Re: Reflection on the special telco of CSVW

On 10 Sep 2014, at 13:42 , Dan Brickley <danbri@google.com> wrote:

> On 10 September 2014 12:27, Ivan Herman <ivan@w3.org> wrote:
>> 
>> On 10 Sep 2014, at 12:21 , Andy Seaborne <andy@apache.org> wrote:
>> 
>>> One aspect of this choice is whether a transformation of a CSV file to be published on the web so other people (other than the data publisher) run it?  Or is it the input for a toolkit to generate format X and then a file with format X is put on the web?
>>> 
>>> If transforms are published, then there is a requirement for a programming-language, template-language independent solution.  I agree this is more work.
>> 
>> But the point is that such programming languages already exist. Several of them. One could say that we should not define yet another one.
> 
> I have the feeling that we're talking past each other some of the time
> here. Reading Andy here, my first reading was that requiring a
> "template-language independent" template/transform language seemed
> like a contradiction. But I guess the idea is that we want portability
> between specific template/transform software packages / projects. So
> for example, emphatically blessing something as specific as Django
> just wouldn't make sense for W3C, even though we might want to make it
> possible in metadata for the Django-loving subset of the Web community
> to declare associated templates via JSON-LD metadata.
> 
> The {{ mustache }} -based notations seem to be common enough that they
> transcend any particular software project and programming language.
> But there are some {{ }}-based template systems that slip rather
> casually into assuming full Javascript capabilities, which is
> something we ought to be very wary of doing. There is an interesting
> design space between simple variable interpolation vs turing complete.
> 
> e.g.  http://www.polymer-project.org/docs/polymer/expressions.html
> ("Polymer supports expressions in {{}} with a strict subset of the
> JavaScript language. In order to use this feature, it’s important to
> understand its behavior and limitations: The goal for inline
> expressions is to allow the expression of simple value concepts and
> relationships. It is generally bad practice to put complex logic into
> your HTML (view).").
> 

Right. I do not think any of the features that we discussed around templates (the discussion led by Jeremy or the stripped version I played with) are language specific. And indeed they should not. 


> 
>> If a template format is defined (complex or simple), then one can also publish the templates (e.g. [1,2]).
>> 
>> In other words, I am not sure I understand your point in terms of deciding whether we do templating or not.
>> 
>> [1] https://github.com/w3c/csvw/blob/gh-pages/experiments/simple-templates-jquery/simple_test/test-json.tmpl
>> [2] https://github.com/w3c/csvw/blob/gh-pages/experiments/simple-templates-jquery/simple_test/test-turtle.tmpl
>> 
>> 
>>> 
>>> Assuming javascript is a possibility; while it is arguably the safest single choice, it does not work for many environments.  If you're in a lang-X programmer (e.g. R), you want to use lang-X skills.
>>> 
>>> Otherwise, if it's a tool-input and not published to be run elsewhere, it does not need this portability requirement.  A language or a basic-transform+improve style is more reasonable.  The tool space is weaker (transforms are tool specific).
>>> 
>> 
>> 
>> I do not understand. *If* we define a template language (simple or complex), it can be defined in different languages. I happened to have that done in Javascript, but it could have been done in Python without too much problems.
> 
> Ivan - when you say "it can be defined in different languages", can I
> read "can be implemented" in different languages?

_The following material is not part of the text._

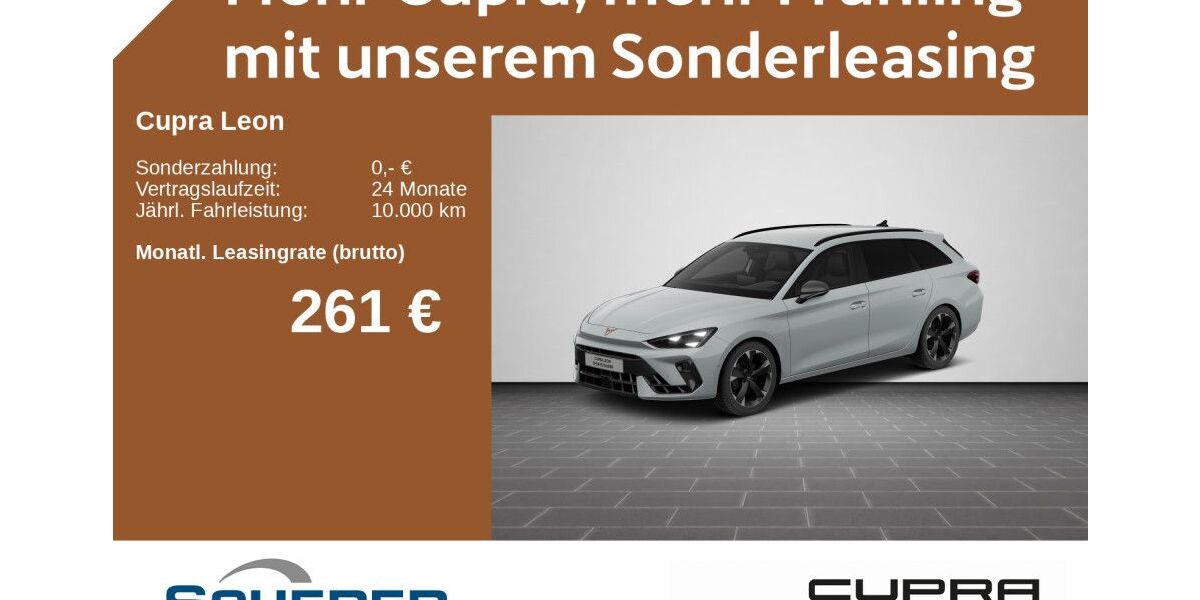 Cupra Leon 17.310 km 31.990 &euro; Mayen 56727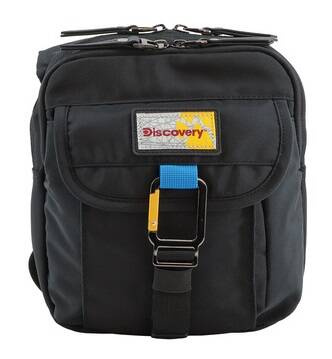 Torba na ramię z poliestru Discovery Icon 712 czarna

I am sorry. Answering a mail while on a meeting is bad:-) 

s/defined in/implemented in/


> Your implementation
> seemed to be of a mustache-family language that *happened* to be
> implemented in Javascript. I would hope that the same templates could
> equally well be processed by Java, Python etc. implementations, and
> that a group like ours should be capable of writing unit tests to
> probe the behaviour of such implementations.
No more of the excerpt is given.